# Source for dark brown sand? PFS too light!



## tanaka (Jan 22, 2015)

I think the smallest size for brownish coloration is kitty litter. It's not as big as regular gravel but not sand sized either. 
High CEC but it's pretty light and messy when disturbed.


----------



## tapwater (Mar 31, 2016)

Flourite Dark is a darkish brown, natural looking, and goes well with dark wood. However, not pool grain size. I've just put some on top of my black volcanic gravel and happy with organic looking result. Yesss!


----------



## number1sixerfan (Nov 10, 2006)

OP, I'm also looking for the same. Would love to hear if people have found an alternative with the pool filter sand consistency..


----------



## bigbadjon (Aug 6, 2015)

At Rural King the sell a darker than usual pool sand. You may check them out if you have one nearby. The sand is about the color of coffeee with milk in it.


----------



## GrampsGrunge (Jun 18, 2012)

A local building materials supplier sells dredged and graded river sand used for concrete and mortar mixes in 50# bags for $3. It needs to be rinsed to get the muddy fines out of it, but it's excellent for planted tank substrate.

It comes as a mix of various dark natural stone colors.

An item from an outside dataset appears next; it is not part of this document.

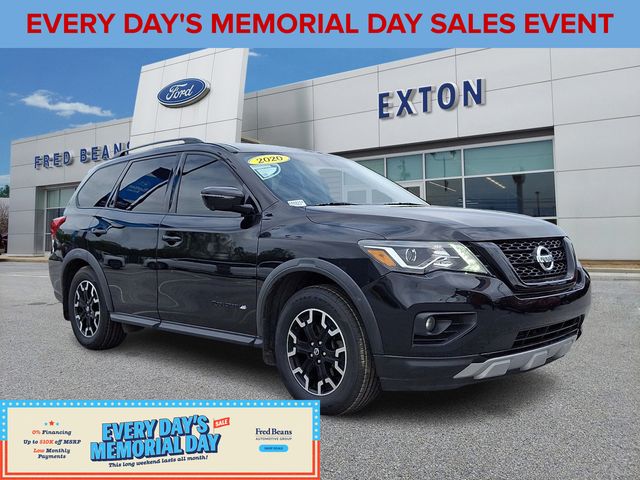 2020 Nissan Pathfinder SL 4WD's photo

Willamette Graystone | Better Selection, Family Owned


----------



## Diana (Jan 14, 2010)

In the swimming pool building trades there are materials added to the finish to give it colors. I do not know if there is brown (these colors tend to run to the blues and blends of blue with white or black). 
Look into Pebbletek and related products. Caution: some of these have seashells, and this may raise the GH, KH and pH of the water.


----------